The DOJ filed a brief on Tuesday stating that it is the agency’s position that Alabama’s law requiring witnesses for absentee ballots does not violate Section 201 of the Voting Rights Act, because it is not a test or device as referenced in the Act.
“It is not a literacy test, it is not an educational requirement, and it is not a moral character requirement,” Jay Town, U.S. Attorney for the Northern District of Alabama, said in the brief. “Nor, contrary to Plaintiffs’ position, is it a voucher requirement prohibited by Section 201’s fourth and final provision.”
Plaintiffs in the case have argued that the requirement for a single person with a pre-existing condition could pose a grave risk and reasonably lead to them being unable to safely cast a vote. In fact, they point out in the lawsuit instances in which the DOJ, prior to the Trump administration, also had argued against states requiring witnesses.
“Our complaint demonstrates how Alabama’s witness requirement violates Section 201 of the Voting Rights Act,” said Deuel Ross, senior counsel for the NAACP Legal Defense and Education Fund. “In the past, the DOJ itself has objected to witness requirements, but since February 2017, it has brought zero new voting rights cases.”

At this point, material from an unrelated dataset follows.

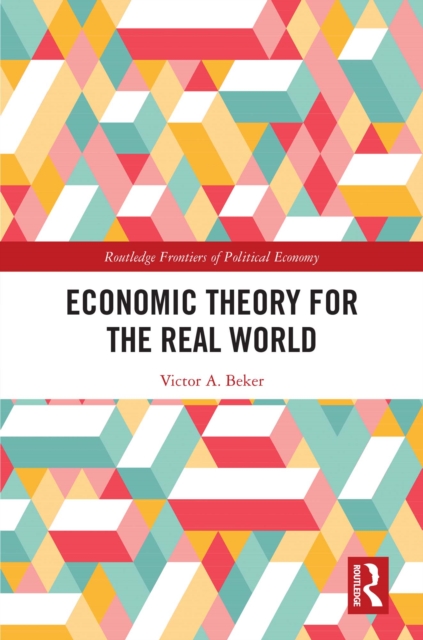 Economic Theory for the Real World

The “voucher” requirement was one of many tactics utilized by whites to prevent black citizens from voting. In practice, it required that any black person wishing to vote must first obtain the signature of a white person.
Towns argued in the brief that there were differences between voucher requirements and the witness signatures, including that the witness doesn’t have to be a registered voter and the witness is merely signing that he or she witnessed the absentee voter filling out the ballot.